Right-angled polytopes, hyperbolic manifolds and torus actions

A combinatorial 3-dimensional polytope $P$ can be realized in Lobachevsky 3-space with right dihedral angles if and only if it is simple, flag and does not have 4-belts of facets. This criterion was proved in the works of A. Pogorelov and E. Andreev of the 1960s. We refer to combinatorial 3 polytopes admitting a right-angled realisation in Lobachevsky 3-space as Pogorelov polytopes. The Pogorelov class contains all fullerenes, i.e. simple 3-polytopes with only 5-gonal and 6-gonal facets. There are two families of smooth manifolds associated with Pogorelov polytopes.
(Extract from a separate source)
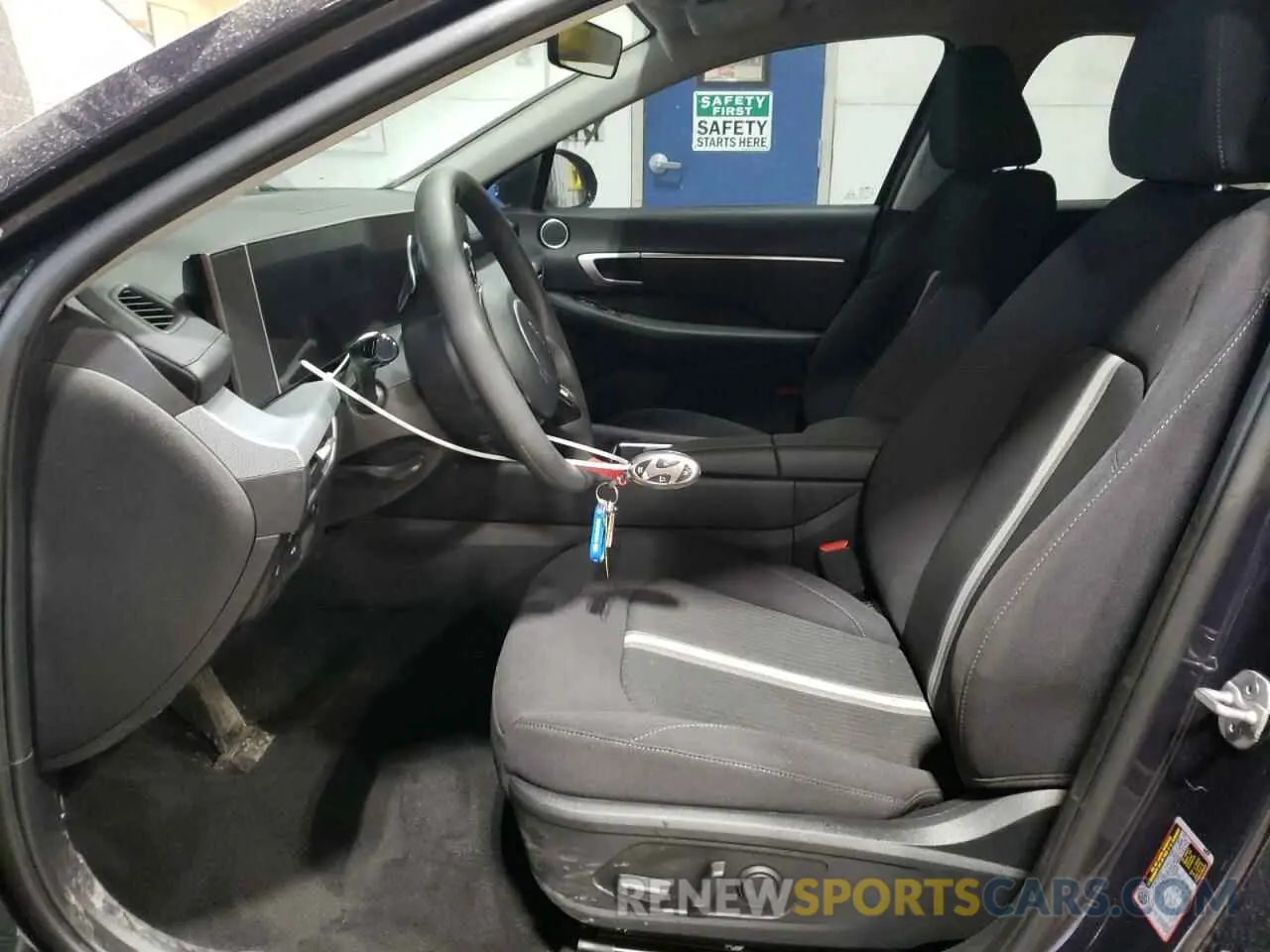 7 Photograph of a damaged car KMHL64JA4RA375435 HYUNDAI SONATA 2024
The first family consists of 3-dimensional small covers (in the sense of M. Davis and T. Januszkiewicz) of Pogorelov polytopes $P$, also known as hyperbolic 3-manifolds of Loebell type. These are aspherical 3-manifolds whose fundamental groups are certain extensions of abelian 2-groups by hyperbolic right-angled reflection groups in the facets of $P$. The second family consists of 6-dimensional quasi toric manifolds over Pogorelov polytopes. These are simply connected 6-manifolds with a 3-dimensional torus action and orbit space $P$. Our main result is that both families are cohomologically rigid, i.e. two manifolds $M$ and $M'$ from either family are diffeomorphic if and only if their cohomology rings are isomorphic. We also prove that a cohomology ring isomorphism implies an equivalence of characteristic pairs; in particular, the corresponding polytopes $P$ and $P'$ are combinatorially equivalent. This leads to a positive solution of a problem of A. Vesnin (1991) on hyperbolic Loebell manifolds, and implies their full classification. Our results are intertwined with classical subjects of geometry and topology such as combinatorics of 3-polytopes, the Four Colour Theorem, aspherical manifolds, a diffeomorphism classification of 6-manifolds and invariance of Pontryagin classes. The proofs use techniques of toric topology. This is a joint work with V. Buchstaber, N. Erokhovets, M. Masuda and S. Park.